I accept the Company’s case that PPUK introduced the transitional arrangements in order to secure broadly comparable benefits for all employees. It originally wanted to move all members to a new MP scheme but it also wanted to ensure that members received comparable benefits and it seemed to PPUK that there was a danger that the 40-44s and the Over 45s might not be able to receive comparable benefits as they were closer to retirement. Further, PPUK had been consistently advised by its pensions advisers that this was the effect of the changes that they had made.
It is well-established that inter-generational fairness is a legitimate aim for the purposes of justifying direct age discrimination – see [56] of Lady Hale JSC’s judgment in Seldon. The attempt to achieve consistency between employees in a FS scheme and those in a MP scheme has been held by the Court of Appeal to be “a legitimate social aspect of inter-generational fairness” – see Air Products plc v Cockram [2018] IRLR 755 at [35] per Bean LJ.
As to the other justification of cushioning the blow for older employees, Ms Darwin KC referred to what Clifford Chance had advised in their letter of 24 December 1991, as follows:
“The transitional arrangements flow from your decision to adopt what would hitherto have been regarded as "good employer practice”, namely not to deprive the older employees of their final salary expectation by requiring them to transfer into the money purchase section along with the younger employees, Strictly, therefore, it is not something which (in your words) you have to endure, since you could have decided not to maintain the final salary expectations of the older employees.”
This is really another aspect of the inter-generational fairness aim in that it is based on the perceived problem of the 40-44s and Over 45s not having enough time to build up their pension pots if they were moved to the MP section, and that this was why PPUK did not compel them to do so.

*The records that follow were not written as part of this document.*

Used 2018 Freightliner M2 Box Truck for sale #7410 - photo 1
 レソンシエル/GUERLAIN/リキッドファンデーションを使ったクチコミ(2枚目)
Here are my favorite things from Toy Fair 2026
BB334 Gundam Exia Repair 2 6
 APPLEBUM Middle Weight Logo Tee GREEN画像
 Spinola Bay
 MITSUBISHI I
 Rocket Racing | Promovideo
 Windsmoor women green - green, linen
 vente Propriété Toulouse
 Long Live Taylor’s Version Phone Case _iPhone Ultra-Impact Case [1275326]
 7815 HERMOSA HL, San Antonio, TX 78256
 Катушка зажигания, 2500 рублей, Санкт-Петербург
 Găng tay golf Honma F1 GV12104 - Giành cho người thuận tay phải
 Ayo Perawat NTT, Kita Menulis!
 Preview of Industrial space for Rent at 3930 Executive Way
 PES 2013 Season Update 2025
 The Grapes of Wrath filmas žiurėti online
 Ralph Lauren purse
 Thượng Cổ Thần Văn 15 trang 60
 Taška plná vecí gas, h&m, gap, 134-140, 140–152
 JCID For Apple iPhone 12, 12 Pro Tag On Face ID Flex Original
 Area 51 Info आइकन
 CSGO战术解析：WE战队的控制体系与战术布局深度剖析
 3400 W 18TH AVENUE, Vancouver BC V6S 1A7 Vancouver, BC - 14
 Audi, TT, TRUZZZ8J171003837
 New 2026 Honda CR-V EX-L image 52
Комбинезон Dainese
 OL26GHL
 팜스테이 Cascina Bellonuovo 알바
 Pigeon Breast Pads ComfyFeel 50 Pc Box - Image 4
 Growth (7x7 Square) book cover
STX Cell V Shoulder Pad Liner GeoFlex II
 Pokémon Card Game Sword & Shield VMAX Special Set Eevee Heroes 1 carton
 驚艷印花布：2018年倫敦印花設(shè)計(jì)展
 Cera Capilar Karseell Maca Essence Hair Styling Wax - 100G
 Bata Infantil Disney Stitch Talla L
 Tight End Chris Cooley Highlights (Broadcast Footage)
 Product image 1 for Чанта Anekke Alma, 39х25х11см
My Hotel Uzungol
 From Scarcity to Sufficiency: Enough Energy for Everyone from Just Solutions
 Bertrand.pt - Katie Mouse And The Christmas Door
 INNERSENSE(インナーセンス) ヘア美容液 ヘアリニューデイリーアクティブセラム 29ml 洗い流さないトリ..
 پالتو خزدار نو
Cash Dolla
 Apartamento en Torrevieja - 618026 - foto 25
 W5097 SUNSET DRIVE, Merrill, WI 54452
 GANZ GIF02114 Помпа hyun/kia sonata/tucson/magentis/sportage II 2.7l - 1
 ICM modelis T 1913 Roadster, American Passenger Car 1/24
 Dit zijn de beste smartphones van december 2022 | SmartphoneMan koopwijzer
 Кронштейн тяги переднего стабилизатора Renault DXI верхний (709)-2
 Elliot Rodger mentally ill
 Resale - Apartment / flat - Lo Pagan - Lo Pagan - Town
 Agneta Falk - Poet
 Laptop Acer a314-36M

In Seldon at [50(4)], Lady Hale JSC listed the legitimate aims which have been recognised in the context of direct age discrimination claims including: “cushioning the blow for long-serving employees who may find it hard to find new employment if dismissed.” Prior to Seldon, but cited in argument in the Supreme Court, is the Employment Tribunal case of Bloxham v Freshfields Bruckhaus Deringer [2007] Pens LR 375 in which the employer undertook wholesale reform of its pension scheme. When doing so, the employer put in place transitional arrangements which had the specific aim of ameliorating the effect of closing the scheme on those closest to retirement and this was upheld as a legitimate aim. And in Lockwood v Department of Work and Pensions [2013] IRLR 941 the Court of Appeal considered an age-banding formula whereby redundant employees aged 35 or under received lower termination payments than those over 35. The Court of Appeal upheld the Employment Tribunal’s finding on justification, holding that it was a legitimate aim to provide older workers with more of a financial cushion.
Ms Seymour did not really challenge that these were at least considerations at the time that the changes were made in 1991/92, but she made the point that these justifications were not relied upon by the Trustee. However she submitted that the real reason why the changes were made was because PPUK wanted to remove the contingent risks inherent in an FS scheme from its balance sheet in order to make it more attractive to a potential purchaser. That is to a certain extent borne out by the evidence and the Company did not deny that that was why PPUK wanted to move to a MP scheme. Indeed Ms Darwin KC submitted that it was a legitimate aim of the general change to a MP scheme to obtain certainty about PPUK’s pension liabilities, for it to live within its means and for there to be greater succession planning and recruitment incentives.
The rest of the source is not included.